You never know about that at all. I just connect to the next site without
telling you.
2. Caches. It's not always quite as simple as that. One major problem
is caching. There are two major types of caching. First, my browser
automatically caches files when I download them. This means that if I visit
them again, the next day say, I don't need to download the whole page
again. Depending on the settings on my browser, I might check with you that
the page hasn't changed: in that case, you do know about it, and analog will
count it as a new request for the page. But I might set my browser not to
check with you: then I will read the page again without you ever knowing about
it.
The other sort of cache is on a larger scale. Almost all ISPs now have their
own cache. This means that if I try to look at one of your pages and
anyone else from the same ISP has looked at that page recently, the
cache will have saved it, and will give it out to me without ever telling
you about it. (This applies whatever my browser settings.) So hundreds of
people could read your pages, even though you'd only sent it out once.
3. What you can know. The only things you can know for certain are the
number of requests made to your server, when they were made, which files were
asked for, and which host asked you for them.
You can also know what people told you their browsers were, and what the
referring pages were. You should be aware, though, that many browsers lie
deliberately about what sort of browser they are, or even let users configure
the browser name.
And some people use "anonymizers" which deliberately send false
browsers and referrers.
4. What you can't know.
- You can't tell the identity of your readers.
Unless you explicitly require users to provide a password, you don't
know who connected or what their email addresses are.
- You can't tell how many visitors you've had.
You can guess by looking at the number of distinct hosts that have
requested things from you.
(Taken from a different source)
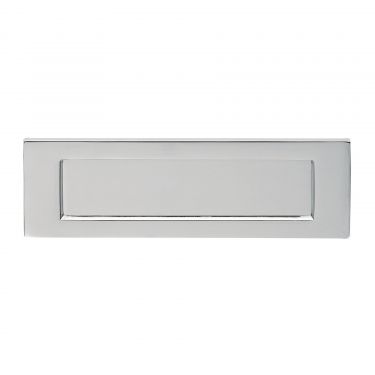 Click Here To Enlarge This Photo Of M36DSC - Carlisle Brass Victorian Letter Plate &lpar;Satin Chrome&rpar; Size&colon; 305&period;5x104mm - c&sol;c&colon; 275mm - Aperture&colon; 249x60&period;5mm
Indeed this is what many programs mean when
they report "visitors". But this is not always a good estimate
for
three reasons. First, if users get your pages from a local cache server,
you will never know about it. Secondly, sometimes many users appear to
connect from the same host: either users from the same company or ISP,
or users using the same cache server. Finally, sometimes one user
appears to connect from many different hosts. AOL now allocates users a
different hostname
for every request. So if your home page has
10 graphics on, and an AOL user visits it, most programs will count that
as 11 different visitors!
- You can't tell how many visits you've had.
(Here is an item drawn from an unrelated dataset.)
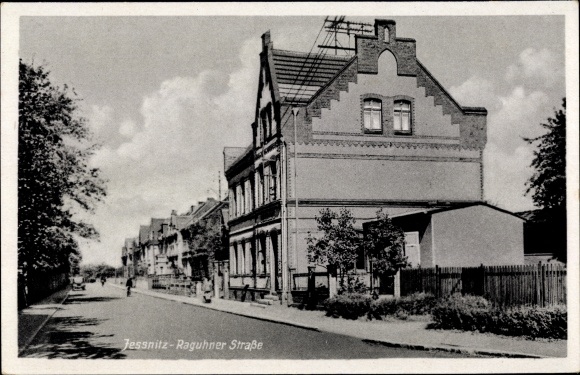 Ak Jessnitz Jessnitz in Anhalt, Raguhner Strasse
Many programs, under pressure from advertisers' organisations, define a
"visit" (or "session") as a sequence of requests
from the same host until there is a half-hour gap. This is an unsound
method for several reasons. First, it assumes that each host corresponds
to a separate person and vice versa. This is simply not true in the real
world, as discussed in the last paragraph. Secondly, it assumes that
there is never a half-hour gap in a genuine visit. This is also untrue.